HOW TO COMPLETE THIS TASK: Repeat every line of the data exactly; the pictures stay out.

SOURCE DATA:
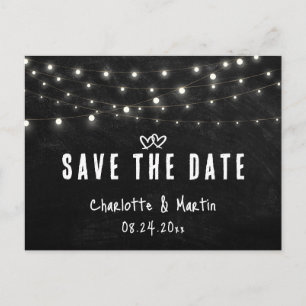 Rustikale Herz-Lights Black Chalkboard Hochzeit Postkarte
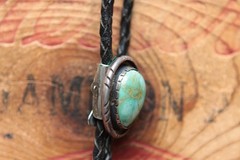 Vintage Native American Sterling Silver Turquoise Bolo Tie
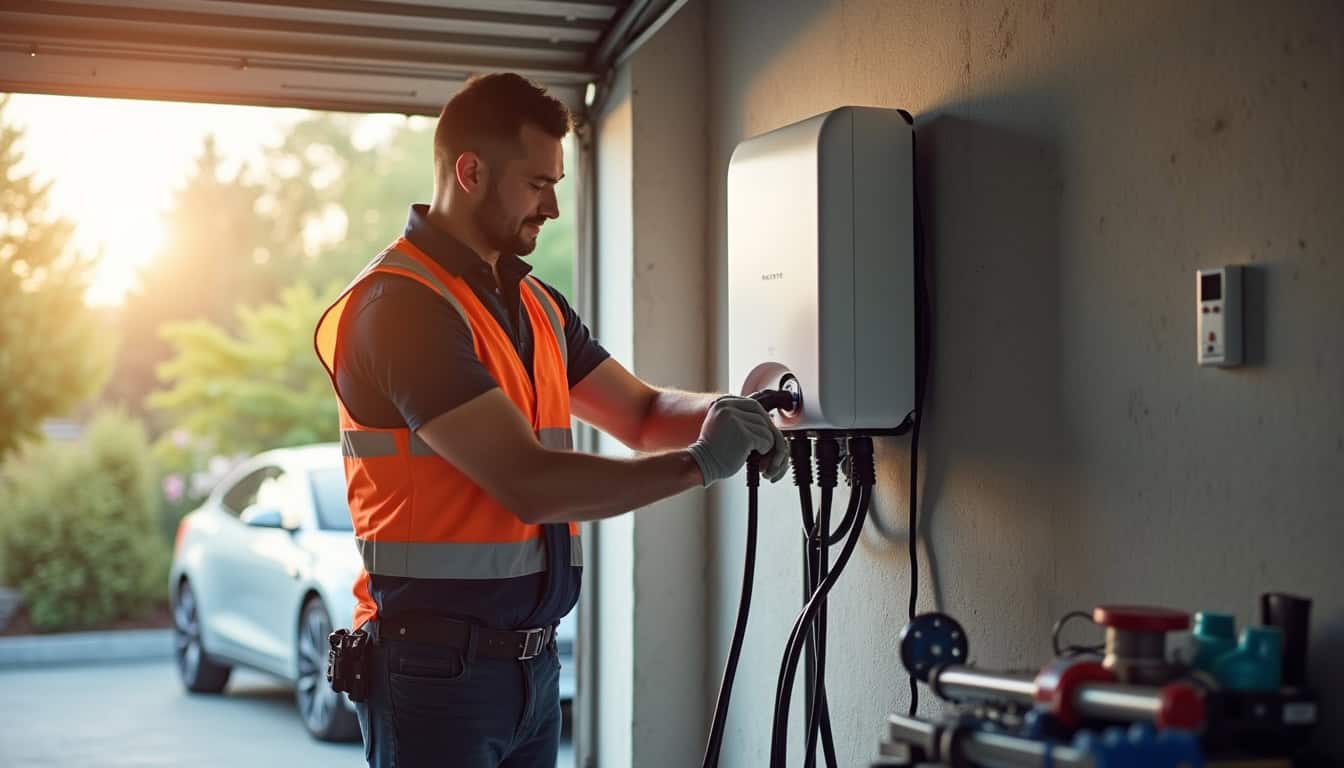 Technicien certifié IRVE en train d’installer une borne murale dans un garage à Vineuil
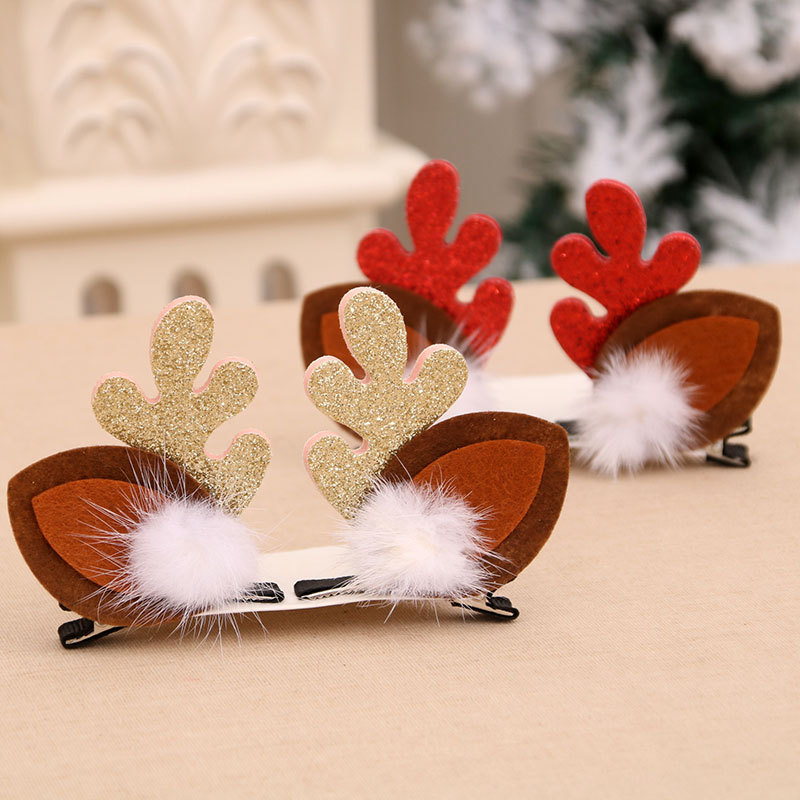 Antler Hair Clips Christmas Accessory (2 pcs)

RESULT OF THIS EXERCISE:
 Rustikale Herz-Lights Black Chalkboard Hochzeit Postkarte
 Vintage Native American Sterling Silver Turquoise Bolo Tie
 Technicien certifié IRVE en train d’installer une borne murale dans un garage à Vineuil
 Antler Hair Clips Christmas Accessory (2 pcs)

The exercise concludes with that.